WHAT YOU SHOULD DO » Leave out every line before the one that contains "Tir latéral d'une". Please restate that line and the rest of the data word for word, through the end.

▽

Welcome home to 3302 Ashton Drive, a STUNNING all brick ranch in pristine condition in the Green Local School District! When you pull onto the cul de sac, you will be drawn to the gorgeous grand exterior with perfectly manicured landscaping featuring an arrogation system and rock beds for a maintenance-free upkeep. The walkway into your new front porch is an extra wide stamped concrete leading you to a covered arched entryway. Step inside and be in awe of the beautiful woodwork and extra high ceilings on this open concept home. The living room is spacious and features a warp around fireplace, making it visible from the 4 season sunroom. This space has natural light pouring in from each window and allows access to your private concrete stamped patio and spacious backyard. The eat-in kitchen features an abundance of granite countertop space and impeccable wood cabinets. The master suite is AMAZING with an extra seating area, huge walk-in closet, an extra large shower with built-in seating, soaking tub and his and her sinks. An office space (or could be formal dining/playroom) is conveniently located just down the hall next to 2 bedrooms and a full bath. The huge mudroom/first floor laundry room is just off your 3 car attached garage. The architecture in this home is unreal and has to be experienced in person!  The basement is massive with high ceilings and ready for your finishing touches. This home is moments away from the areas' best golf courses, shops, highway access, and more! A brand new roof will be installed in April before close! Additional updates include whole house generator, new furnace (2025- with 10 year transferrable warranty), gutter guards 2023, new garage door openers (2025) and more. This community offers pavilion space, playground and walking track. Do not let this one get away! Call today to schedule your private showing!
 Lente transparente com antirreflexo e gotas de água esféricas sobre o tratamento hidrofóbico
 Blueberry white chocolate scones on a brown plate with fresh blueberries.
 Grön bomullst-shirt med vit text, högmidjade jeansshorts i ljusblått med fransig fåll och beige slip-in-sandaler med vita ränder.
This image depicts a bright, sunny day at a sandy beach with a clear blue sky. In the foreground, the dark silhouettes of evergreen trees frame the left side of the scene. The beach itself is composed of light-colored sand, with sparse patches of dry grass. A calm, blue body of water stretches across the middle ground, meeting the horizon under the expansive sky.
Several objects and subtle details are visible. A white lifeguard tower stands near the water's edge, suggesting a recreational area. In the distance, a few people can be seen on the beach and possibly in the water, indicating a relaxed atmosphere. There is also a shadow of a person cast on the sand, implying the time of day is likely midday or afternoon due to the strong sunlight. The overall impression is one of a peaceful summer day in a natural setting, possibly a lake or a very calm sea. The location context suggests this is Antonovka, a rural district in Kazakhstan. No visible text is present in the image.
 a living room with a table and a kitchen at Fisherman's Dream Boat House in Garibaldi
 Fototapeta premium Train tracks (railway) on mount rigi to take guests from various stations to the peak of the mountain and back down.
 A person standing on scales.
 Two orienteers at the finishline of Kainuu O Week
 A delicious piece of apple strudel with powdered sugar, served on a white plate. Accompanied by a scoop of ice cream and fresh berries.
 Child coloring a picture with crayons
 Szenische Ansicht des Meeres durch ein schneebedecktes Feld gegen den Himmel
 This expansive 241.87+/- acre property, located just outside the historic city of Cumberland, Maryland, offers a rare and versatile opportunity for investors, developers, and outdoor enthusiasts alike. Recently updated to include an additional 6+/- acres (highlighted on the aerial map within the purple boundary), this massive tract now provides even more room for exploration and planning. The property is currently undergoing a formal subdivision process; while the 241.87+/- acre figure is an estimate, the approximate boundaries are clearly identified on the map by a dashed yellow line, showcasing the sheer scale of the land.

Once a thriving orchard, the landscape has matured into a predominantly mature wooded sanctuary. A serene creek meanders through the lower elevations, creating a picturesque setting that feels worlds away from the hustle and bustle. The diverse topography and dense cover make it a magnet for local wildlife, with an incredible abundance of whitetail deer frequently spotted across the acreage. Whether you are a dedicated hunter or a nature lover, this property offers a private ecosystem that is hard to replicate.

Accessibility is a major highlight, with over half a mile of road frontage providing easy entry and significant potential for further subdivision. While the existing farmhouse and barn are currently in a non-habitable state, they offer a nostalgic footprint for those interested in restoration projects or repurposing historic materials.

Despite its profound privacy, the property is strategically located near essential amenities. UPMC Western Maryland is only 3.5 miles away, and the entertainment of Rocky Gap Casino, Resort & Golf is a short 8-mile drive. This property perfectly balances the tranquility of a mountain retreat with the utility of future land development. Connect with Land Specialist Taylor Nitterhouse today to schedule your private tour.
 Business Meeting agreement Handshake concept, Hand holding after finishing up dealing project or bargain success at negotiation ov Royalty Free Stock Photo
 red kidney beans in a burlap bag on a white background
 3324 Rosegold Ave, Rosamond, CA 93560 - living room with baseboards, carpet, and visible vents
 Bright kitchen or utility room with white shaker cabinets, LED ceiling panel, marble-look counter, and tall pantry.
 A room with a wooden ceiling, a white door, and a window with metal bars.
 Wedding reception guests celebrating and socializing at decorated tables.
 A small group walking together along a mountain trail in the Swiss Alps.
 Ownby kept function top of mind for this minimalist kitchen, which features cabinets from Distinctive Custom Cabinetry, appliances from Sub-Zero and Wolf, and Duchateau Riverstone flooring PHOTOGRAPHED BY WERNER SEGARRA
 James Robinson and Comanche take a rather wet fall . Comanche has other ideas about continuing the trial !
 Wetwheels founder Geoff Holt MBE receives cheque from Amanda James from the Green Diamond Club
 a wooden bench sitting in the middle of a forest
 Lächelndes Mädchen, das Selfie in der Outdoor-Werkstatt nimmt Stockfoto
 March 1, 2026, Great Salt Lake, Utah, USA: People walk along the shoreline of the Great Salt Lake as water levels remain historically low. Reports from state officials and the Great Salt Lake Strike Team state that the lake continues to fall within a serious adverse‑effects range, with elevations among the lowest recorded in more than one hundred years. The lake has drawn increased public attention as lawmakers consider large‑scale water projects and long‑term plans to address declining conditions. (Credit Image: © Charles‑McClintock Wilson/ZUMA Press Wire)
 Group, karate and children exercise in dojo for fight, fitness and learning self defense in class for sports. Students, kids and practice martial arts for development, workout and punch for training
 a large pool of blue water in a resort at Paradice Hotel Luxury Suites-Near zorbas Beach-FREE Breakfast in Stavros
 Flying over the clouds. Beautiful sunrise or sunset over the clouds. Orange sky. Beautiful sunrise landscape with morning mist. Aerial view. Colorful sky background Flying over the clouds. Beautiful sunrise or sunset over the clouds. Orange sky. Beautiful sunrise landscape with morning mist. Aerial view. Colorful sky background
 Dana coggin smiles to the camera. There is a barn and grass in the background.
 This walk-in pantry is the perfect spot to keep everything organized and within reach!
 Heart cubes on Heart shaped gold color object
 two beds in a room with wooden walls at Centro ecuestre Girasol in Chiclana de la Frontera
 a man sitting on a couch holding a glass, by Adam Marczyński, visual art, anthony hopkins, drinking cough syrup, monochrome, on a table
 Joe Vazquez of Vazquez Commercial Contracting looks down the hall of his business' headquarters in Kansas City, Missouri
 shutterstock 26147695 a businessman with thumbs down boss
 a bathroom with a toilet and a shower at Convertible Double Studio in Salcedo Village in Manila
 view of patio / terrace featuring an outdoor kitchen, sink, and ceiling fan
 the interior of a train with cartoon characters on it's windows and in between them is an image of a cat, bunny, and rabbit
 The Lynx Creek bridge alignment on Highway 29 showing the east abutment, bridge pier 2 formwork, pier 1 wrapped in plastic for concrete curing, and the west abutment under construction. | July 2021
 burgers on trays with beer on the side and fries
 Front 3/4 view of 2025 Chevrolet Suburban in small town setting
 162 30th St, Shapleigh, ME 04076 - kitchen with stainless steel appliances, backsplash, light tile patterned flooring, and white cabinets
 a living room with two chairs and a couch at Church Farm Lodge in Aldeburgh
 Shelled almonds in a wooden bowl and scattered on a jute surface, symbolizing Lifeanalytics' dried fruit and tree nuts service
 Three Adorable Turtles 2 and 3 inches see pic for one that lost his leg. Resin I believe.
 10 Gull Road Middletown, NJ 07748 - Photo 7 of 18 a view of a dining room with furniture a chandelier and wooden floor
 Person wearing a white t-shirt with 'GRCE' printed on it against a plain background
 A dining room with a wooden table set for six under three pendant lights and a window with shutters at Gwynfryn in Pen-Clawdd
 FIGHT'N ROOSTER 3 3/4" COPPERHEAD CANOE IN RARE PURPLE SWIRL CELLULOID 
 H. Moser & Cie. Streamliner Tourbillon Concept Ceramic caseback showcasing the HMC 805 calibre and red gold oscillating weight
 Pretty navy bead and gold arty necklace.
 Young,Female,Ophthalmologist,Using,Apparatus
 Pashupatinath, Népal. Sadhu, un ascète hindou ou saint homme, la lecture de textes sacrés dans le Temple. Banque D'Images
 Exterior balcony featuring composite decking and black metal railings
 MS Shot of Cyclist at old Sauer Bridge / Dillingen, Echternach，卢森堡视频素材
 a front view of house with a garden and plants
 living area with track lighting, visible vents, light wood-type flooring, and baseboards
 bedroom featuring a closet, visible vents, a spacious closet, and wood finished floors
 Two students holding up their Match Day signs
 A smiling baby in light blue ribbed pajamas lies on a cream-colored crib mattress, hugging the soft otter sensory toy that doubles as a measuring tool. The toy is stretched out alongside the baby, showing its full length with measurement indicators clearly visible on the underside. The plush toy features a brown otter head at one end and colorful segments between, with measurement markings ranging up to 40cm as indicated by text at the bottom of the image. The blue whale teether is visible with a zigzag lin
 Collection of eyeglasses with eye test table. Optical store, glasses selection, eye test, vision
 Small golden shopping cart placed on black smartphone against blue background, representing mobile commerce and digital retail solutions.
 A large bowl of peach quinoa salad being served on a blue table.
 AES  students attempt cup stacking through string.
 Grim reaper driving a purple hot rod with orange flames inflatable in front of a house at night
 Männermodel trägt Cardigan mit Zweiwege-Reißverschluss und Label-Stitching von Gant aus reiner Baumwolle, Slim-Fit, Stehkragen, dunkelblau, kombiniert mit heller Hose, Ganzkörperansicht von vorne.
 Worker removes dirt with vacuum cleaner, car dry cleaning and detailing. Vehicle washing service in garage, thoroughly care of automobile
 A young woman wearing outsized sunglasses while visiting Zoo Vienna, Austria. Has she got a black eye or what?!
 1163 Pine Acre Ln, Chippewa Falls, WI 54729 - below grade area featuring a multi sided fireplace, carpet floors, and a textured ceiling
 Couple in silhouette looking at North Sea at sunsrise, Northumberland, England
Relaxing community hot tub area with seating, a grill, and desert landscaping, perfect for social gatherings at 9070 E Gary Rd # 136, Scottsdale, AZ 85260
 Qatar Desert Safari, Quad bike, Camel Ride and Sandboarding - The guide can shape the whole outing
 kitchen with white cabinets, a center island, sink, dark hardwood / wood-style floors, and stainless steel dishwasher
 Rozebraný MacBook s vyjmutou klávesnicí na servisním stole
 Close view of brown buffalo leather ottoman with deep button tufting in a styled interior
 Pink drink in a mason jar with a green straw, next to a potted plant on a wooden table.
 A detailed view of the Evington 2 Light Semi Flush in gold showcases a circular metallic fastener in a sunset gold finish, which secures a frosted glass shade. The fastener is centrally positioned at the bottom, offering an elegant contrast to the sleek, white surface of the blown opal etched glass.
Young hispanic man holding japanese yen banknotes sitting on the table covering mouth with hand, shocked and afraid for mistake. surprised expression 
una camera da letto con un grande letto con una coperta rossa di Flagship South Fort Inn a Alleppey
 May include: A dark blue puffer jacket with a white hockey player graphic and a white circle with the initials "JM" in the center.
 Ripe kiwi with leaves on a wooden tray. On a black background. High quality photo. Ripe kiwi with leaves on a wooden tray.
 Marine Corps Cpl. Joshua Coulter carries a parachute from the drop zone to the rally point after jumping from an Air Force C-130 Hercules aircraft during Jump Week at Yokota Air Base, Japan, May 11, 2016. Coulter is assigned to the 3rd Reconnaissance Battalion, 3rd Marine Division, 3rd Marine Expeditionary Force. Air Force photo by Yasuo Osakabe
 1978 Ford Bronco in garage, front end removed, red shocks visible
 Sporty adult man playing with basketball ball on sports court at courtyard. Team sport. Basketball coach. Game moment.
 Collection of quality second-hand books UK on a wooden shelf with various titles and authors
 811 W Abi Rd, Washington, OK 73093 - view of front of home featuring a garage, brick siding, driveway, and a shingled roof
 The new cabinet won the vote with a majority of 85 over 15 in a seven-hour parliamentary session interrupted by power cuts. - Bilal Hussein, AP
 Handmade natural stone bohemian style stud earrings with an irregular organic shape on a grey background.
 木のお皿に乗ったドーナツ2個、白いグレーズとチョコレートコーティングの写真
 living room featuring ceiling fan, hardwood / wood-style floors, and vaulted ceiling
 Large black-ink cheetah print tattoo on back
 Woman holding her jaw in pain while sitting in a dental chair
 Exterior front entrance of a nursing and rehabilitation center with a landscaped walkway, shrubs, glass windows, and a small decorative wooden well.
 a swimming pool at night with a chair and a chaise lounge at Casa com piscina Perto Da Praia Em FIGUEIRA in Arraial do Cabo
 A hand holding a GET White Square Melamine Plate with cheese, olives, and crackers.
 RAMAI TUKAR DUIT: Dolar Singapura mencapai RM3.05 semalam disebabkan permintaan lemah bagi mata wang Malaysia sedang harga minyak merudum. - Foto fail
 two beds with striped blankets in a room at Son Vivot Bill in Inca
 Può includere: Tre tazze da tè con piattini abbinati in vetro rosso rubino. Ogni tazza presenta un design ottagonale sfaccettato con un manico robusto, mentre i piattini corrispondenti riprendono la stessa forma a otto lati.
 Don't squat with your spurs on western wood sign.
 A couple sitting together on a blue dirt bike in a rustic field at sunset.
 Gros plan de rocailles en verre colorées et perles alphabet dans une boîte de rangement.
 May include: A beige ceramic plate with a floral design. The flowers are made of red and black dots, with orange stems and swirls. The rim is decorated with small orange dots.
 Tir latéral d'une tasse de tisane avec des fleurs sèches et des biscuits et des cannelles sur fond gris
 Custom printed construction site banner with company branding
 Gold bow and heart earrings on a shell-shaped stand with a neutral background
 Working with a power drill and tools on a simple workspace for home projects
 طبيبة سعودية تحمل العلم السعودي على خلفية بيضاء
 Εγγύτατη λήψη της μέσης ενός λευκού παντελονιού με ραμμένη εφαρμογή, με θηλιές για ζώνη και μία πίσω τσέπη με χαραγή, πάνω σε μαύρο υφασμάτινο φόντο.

△

EXERCISE OUTPUT »
 Tir latéral d'une tasse de tisane avec des fleurs sèches et des biscuits et des cannelles sur fond gris
 Custom printed construction site banner with company branding
 Gold bow and heart earrings on a shell-shaped stand with a neutral background
 Working with a power drill and tools on a simple workspace for home projects
 طبيبة سعودية تحمل العلم السعودي على خلفية بيضاء
 Εγγύτατη λήψη της μέσης ενός λευκού παντελονιού με ραμμένη εφαρμογή, με θηλιές για ζώνη και μία πίσω τσέπη με χαραγή, πάνω σε μαύρο υφασμάτινο φόντο.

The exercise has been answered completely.